By stepping away from the hyper-focus hyper-hustle on the business, I got clarity on what I needed within the business. I could see the forest through the trees, and I found the help and support I needed to up-level my Substack game (thank you
andI figured out and implemented a sustainable paid subscriber model and started getting paid subscribers!
I relaxed out of the scarcity fear of “when is this gonna finally take off” into a mindset of “slow and steady” and found myself appreciating the process of every tiny win.

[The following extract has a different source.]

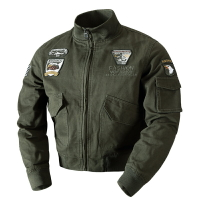 空軍一號夾克A2美國奧巴馬總統夾克軍綠軍版復刻短款男式立領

I took a step back, and that created space to leap forward.
The Creator Retreat
The Creator Retreat is a sanctuary—a place to pause the hustle, embrace stillness, and move forward with clarity. Like finding joy in a "mundane" job, stepping back from hyper-focus on business can spark unexpected breakthroughs. This isn’t about hustle—it’s about softening, letting go of perfection, and finding ease in the process.
The Creator Retreat invites you to breathe, connect, and see the forest through the trees. Let the magic unfold when you stop forcing and start flowing.
There are two ways to join the Creator Retreat for the 10-month experience.
Become part of the live cohort. The cohort is a closed private group of 15-20 participants supported by 2 co-facilitators (TeriLeigh & Ryan Delaney) and 10 guest presenters.
Become a paid subscriber. Paid subscribers have onDemand access to workshops and material. This is especially perfect for those who want to go at their own pace.
This post was very relatable. As someone who worked for others for most of my life, I have also felt like I was doing insanely valuable work for little income. When the opportunity knocked to go out alone, I was sure I could figure it out. It's been a hard journey, and I often thought about taking one of those lower-paying jobs. I even applied to Starbucks, thinking it would be fun and get me out of the house. Working for someone else while building our own business is a smart choice for many. It eliminates many of the struggles we face being in our heads all day trying to figure out all the magic puzzle pieces. I love this suggestion to free up our minds and bring us towards new opportunities that we would never otherwise realize.
I appreciate you sharing your journey! I dislike how nowadays, (in the self help community particularly) there's an undertone of judgement for choosing jobs that are "9-5 mediocre." "You're feeding the system! You're selling out to The Man!" "Don't do that; just discover your life purpose and never work a day in your life; work on your laptop on the beach!"
I especially think there's an attitude similar to what you shared - "that job is *beneath* me!"
Which...let's not even begin to unpack the self-righteous/privilege associated with that....
But in reality, I love how the "brainless" job actually helped your creative juices! Sometimes I think about quitting my day job (it does have a lot of freedom, but I am expected to think) in favor of some small job stocking shelves, returning to retail, or being a coffee barista...just so I'd be able to have clearer definitions around my work from home day job and the business I'm building on the side...
Either way, lots to think about here!
P.s: sorry I haven't been on ANY of your posts lately! I'm so behind with my reading!